Saturday, February 25, 2017

Flipping Backward, Flipping Forward...Flipping Forget It


Last seen in Hamburg...
Let’s be real here. How much crazy, zany fun can actually be had flying from Japan to New Jersey and back? Enough for one blog post? Two, maybe, if the kids or the wife or the person in the next seat really goes off the deep end? Three if everyone goes long?

Besides one record-setting vomit exhibition there was little on either of our flights that would strike the passive passenger. BUT… to the ultra-observant there was enough for five blog posts. Yes, I am that perceptive.

I would have stopped at four, but United Airlines had to, on December 29th, put a copy of the January issue of Hemispheres, their in-flight magazine, in the seat pocket in front of me for my thirteen-hour journey back to Japan. Why can’t they just quit it with the fodder? Don’t they understand I can’t keep my derisive mouth shut?

In other words, this is all United’s fault.

As I explained in this post, I flip through magazines from back to front. So once again my juvenile amusement at United’s expense starts with the back cover and an ad for…I have no idea.

Welcome to your future outdoors, it says in big proud letters next to what looks like the base of a table lamp from the ‘80s, or a flimsy patio umbrella from China. Coming to CES January 2017. I don’t know what CES means, but if it’s in January this thing better be heated, whatever it is.

The inside of the back cover is another ad, this one for something called Smartwater which, according to the bottle, is ‘vapor distilled water’ with ‘electrolytes for taste’.

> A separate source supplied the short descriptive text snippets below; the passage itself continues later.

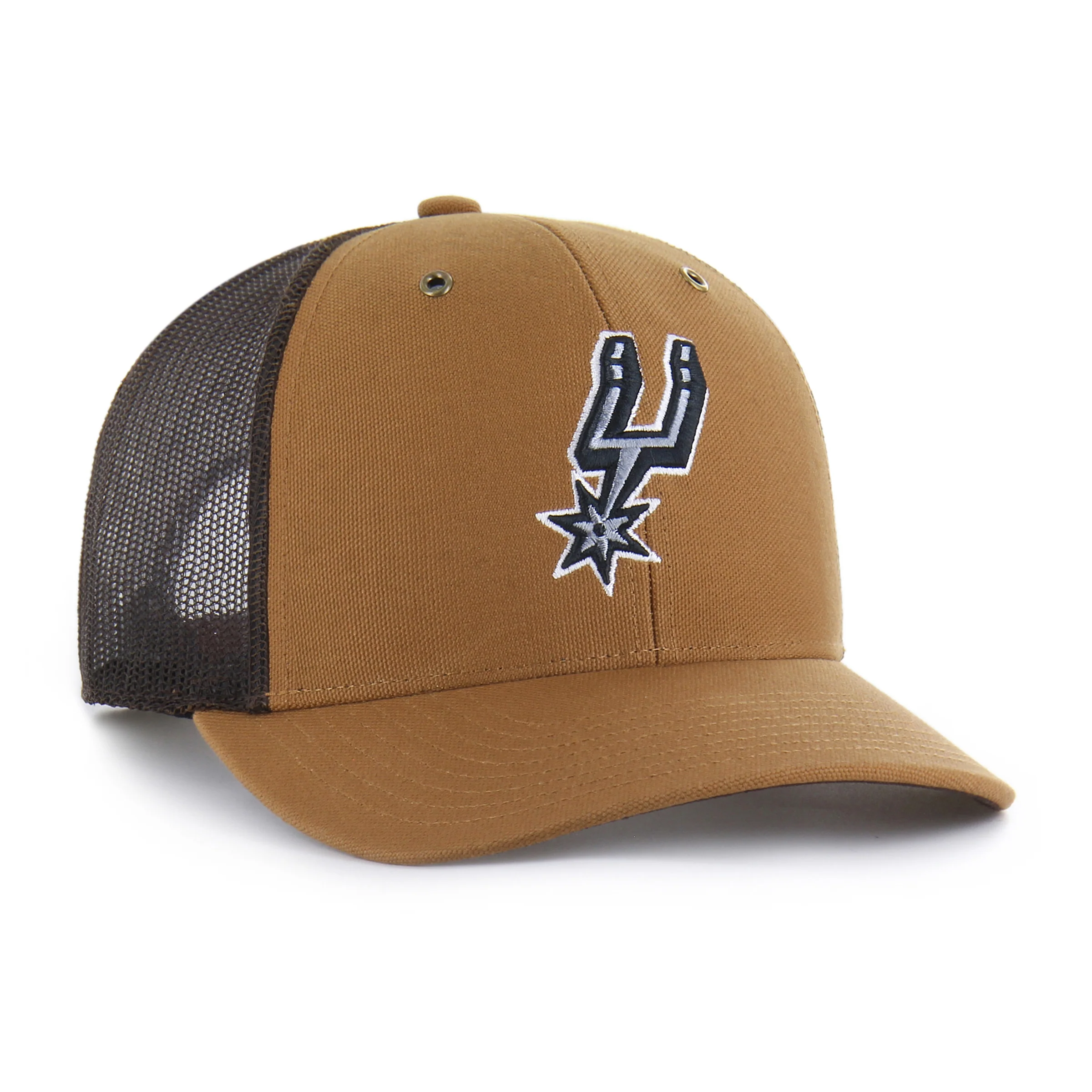 SAN ANTONIO SPURS CARHARTT '47 TRUCKER - Image 4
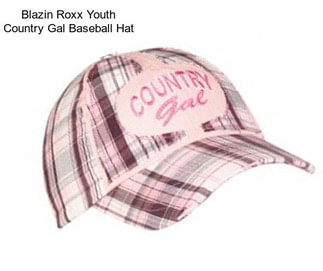 Blazin Roxx Youth Country Gal Baseball Hat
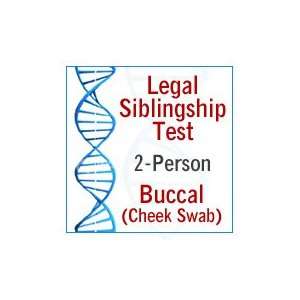  Legal Siblingship DNA Testing Kit (Buccal) Everything 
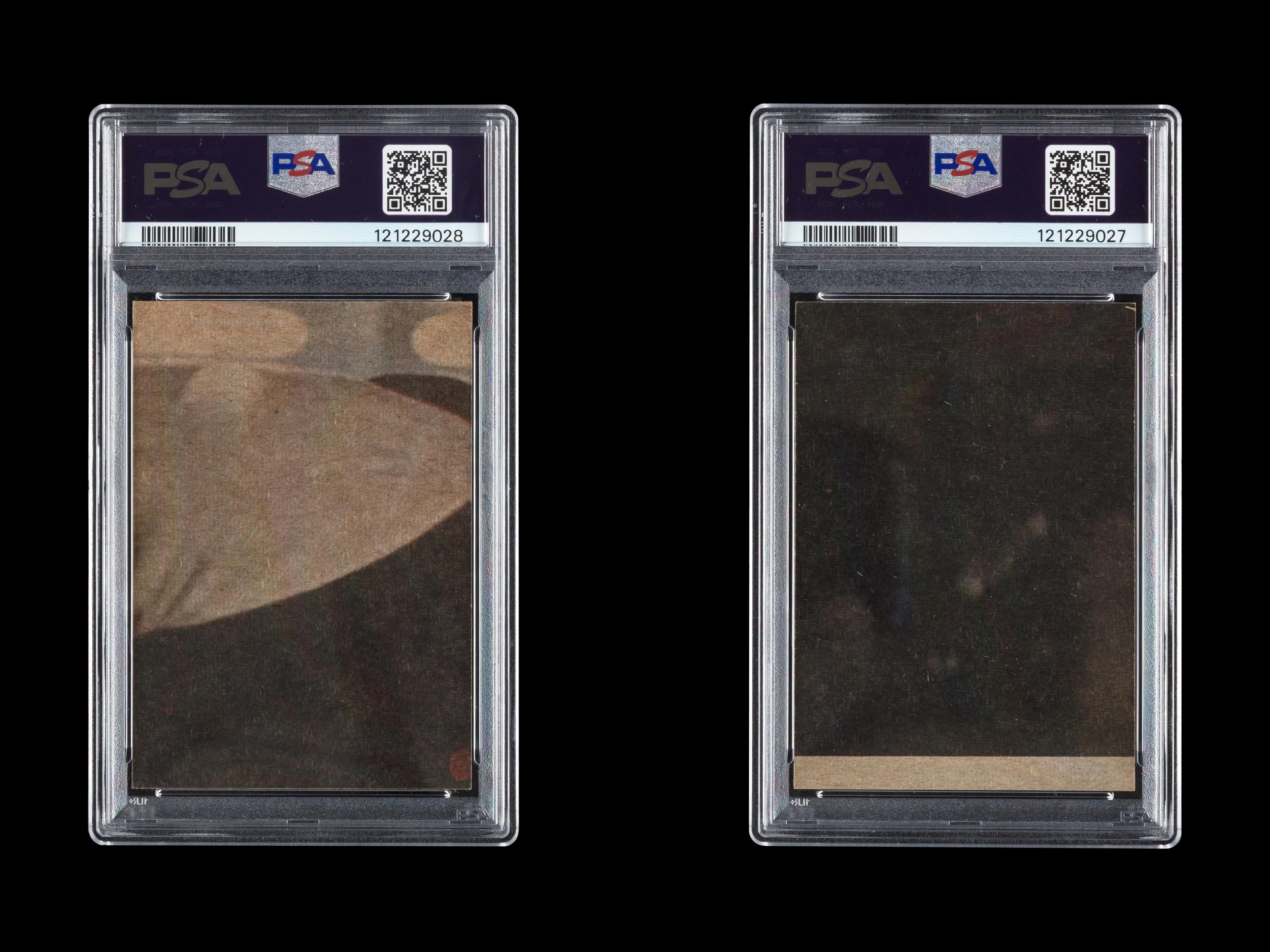 A Collection of PSA Graded 1977 Topps Star Wars Darth Vader Trading Cards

Brought to you by the clouds we’re told.

Vapor-distilling, electrolyte-adding cumulonimbi? Wow. Those guys are the smart ones, not the water.

On United’s in-flight menu, Smartwater is listed under snacks. Which suggests someone in the layout and design department isn’t getting their electrolytes.

Reading this magazine is like listening to a Sean Spicer press briefing: so many questions, with no intelligible answers in sight.

A Man and His Thing
Whoops! Spoke too soon. A quick flip and I’m looking at a picture of the man responsible for that patio lamp umbrella base thing. He looks familiar. And I realize that I saw him a couple of hours ago the first time I opened this magazine (mainly in an effort to escape the parade of wildly violent movies on United’s entertainment system).

The gadget this guy is peddling is a solar-powered energy source made to ‘provide security, entertainment and connectivity to the smart home ecosystem.’ That part is fine, but then our man (Armen Gharabegian, who, as the CEO of a startup, is wearing the requisite I’m-just-a-regular-guy t-shirt and jeans) tells us, in reference to this solar lamp umbrella thing that (presumably) powers everything inside the house, that ‘It’s time to step outside.’

What, to install the thing?

I must be missing something, reading backwards through this magazine.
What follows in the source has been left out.